# Using Metadata to Improve Artifical Intelligance Medical Image Diagnostic Accuracy
**Purpose and Background**
Conduct a descriptive analysis of crowdsourced data extracted from user interaction with a mobile application where tasked to binarly (yes or no) identify abnormalities in medical images. 

Two user categories were differentiated: Medical experts hired to interact with the application; and crowd, anyone who downloaded and used the application.

**Show that the crowd agrees with the expert majority more than experts agreeing with the expert majority**


### Import datasets

In [85]:
import pandas as pd
import numpy as np
results = pd.read_csv('1345_customer_results.csv') #medical case results
admin = pd.read_csv('1345_admin_reads.csv') #raw individual read

### Inspect Customer Results

In [86]:
results.dtypes
results = results.set_index('Case ID')

**Preliminary filtering for security purposes**


In [87]:
results = results.dropna(subset=['Origin']) 
results["Expert: Abnormal Votes"] = results["Origin"].str.extract(r'vote(\d)').astype(float)
results = results.drop(['Origin Created At','Origin','Content ID','URL'],axis=1)

In [88]:
results.head(2)

Any rows that did not have a string associated with expert votes in the URL were dropped (i.e. NA)

In [89]:
results = results.dropna(subset=["Expert: Abnormal Votes"])

**Inspect NaN Columns for Content**

In [90]:
results.loc[results['Series'].notna()| results['Series Index'].notna() | results['Patch'].notna() | results['Internal Notes'].notna() | results['Explanation'].notna()]

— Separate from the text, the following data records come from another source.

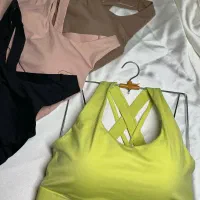 لباس زیر|لباس|رشت, سعدی (تختی)|دیوار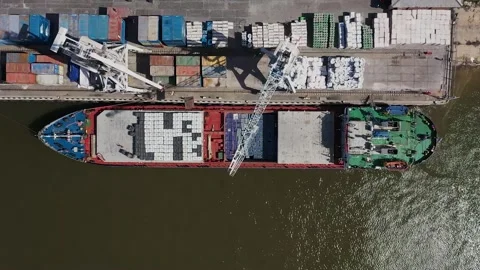 Cargo ship unloading containers at dock 库存影片 347518005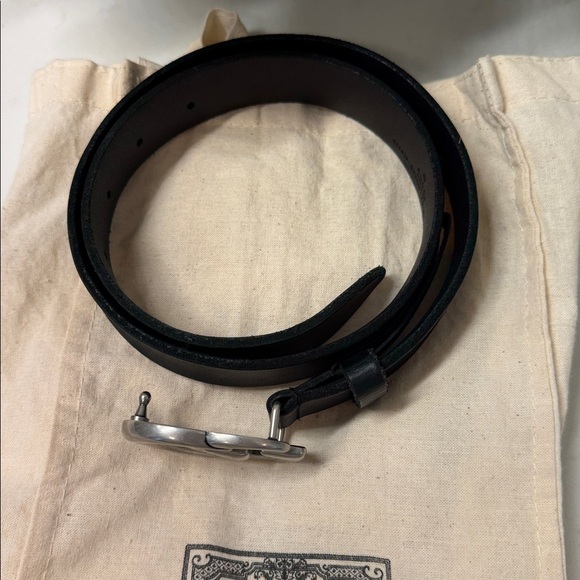 Gucci Black Belt with Silver GG Buckle - Picture 3 of 5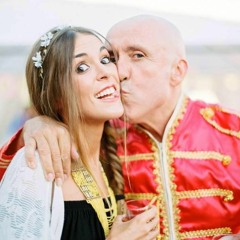 Show must go on (cover)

Dataframe is empty; columns inspected will be dropped

In [91]:
results = results.drop(['Series','Series Index','Patch','Internal Notes','Explanation'],axis=1)

**Inspect Comments for Relevance**

In [80]:
results[results['Comments'] != '[]']


None of the comments seem relevant; comments column will be dropped

In [81]:
results = results.drop(['Comments'],axis=1)

There should only be 8 experts total; drop cases for expert count greater than 8

In [82]:
results = results[results["Expert: Abnormal Votes"] <= 8]

### Important columns for analysis; original metadata
Each row corresponds to a medical case 

**Identifiers:** 

Case ID: unique identifier will serve as index

Labeling State: identifies whether a expert consensus has been achieved (yes=Gold Standard, no= In Progress)

URL: Extracted out expert vote count within the URL 

**Reads and Annotations**

Qualified Reads: total crowd vote count

Expert: Abnormal Votes: number of experts who thought the case was abnormal

(note, the total of experts voting is always 8)

Correct Label: overall expert consensus 

{yes=case is abnormal, no=case is normal, NaN=no consensus}

Majority Label: overall crowd consensus on each case

**Measures of Confidence**

Difficulty: Qualified Reads *without the Correct Label* divided by total Qualified Reads.

Agreement: Qualified Reads *with the Majority Label* divided by total Qualified Reads.

Nth Choice Answer: crowd answer (First Choice is the Majority Label)
        
Nth Choice Votes: number of crowd votes per answer
        
Nth Choice Weight:
        
        
        



### Add Relevant Columns and Optimize Dataframe




#### Cluster cases categorically based on difficulty

In [83]:
bins=[0,0.2,0.4,0.6,0.8,1]
labels=['very easy','easy','moderate','challenging','very challenging']
results['Difficulty Category'] = pd.cut(results['Difficulty'],bins=bins,labels=labels,include_lowest=True)

In [84]:
df = results
index = df.index[df['Crowd Majority']=="'no'"].tolist()
df['Crowd Agreement'][index] -= 0.5

In [None]:
expert_count = 8
df["Expert: Normal Votes"] = (expert_count - results["Expert: Abnormal Votes"])
df["Expert Agreement"] = df["Expert: Abnormal Votes"]/expert_count
df['Consensus'] = np.where(df['Expert Majority'] == df['Crowd Majority'],'yes','no')
df

#### Expert: Normal Votes:
I subtracted the number of total experts by the known number of experts who voted the case as abnormal

#### Expert Agreement: 
I divided the number of experts who voted the case as abnormal by the total number of experts to get the porportion of experts who agree that the case is abnormal.

#### Error Rate: 
I extracted the indexes for each category and calculated the "error rate" for the experts who did not vote for the expert majority

#### Consensus:
I indiciated cases where there was unanimity between experts and crowd.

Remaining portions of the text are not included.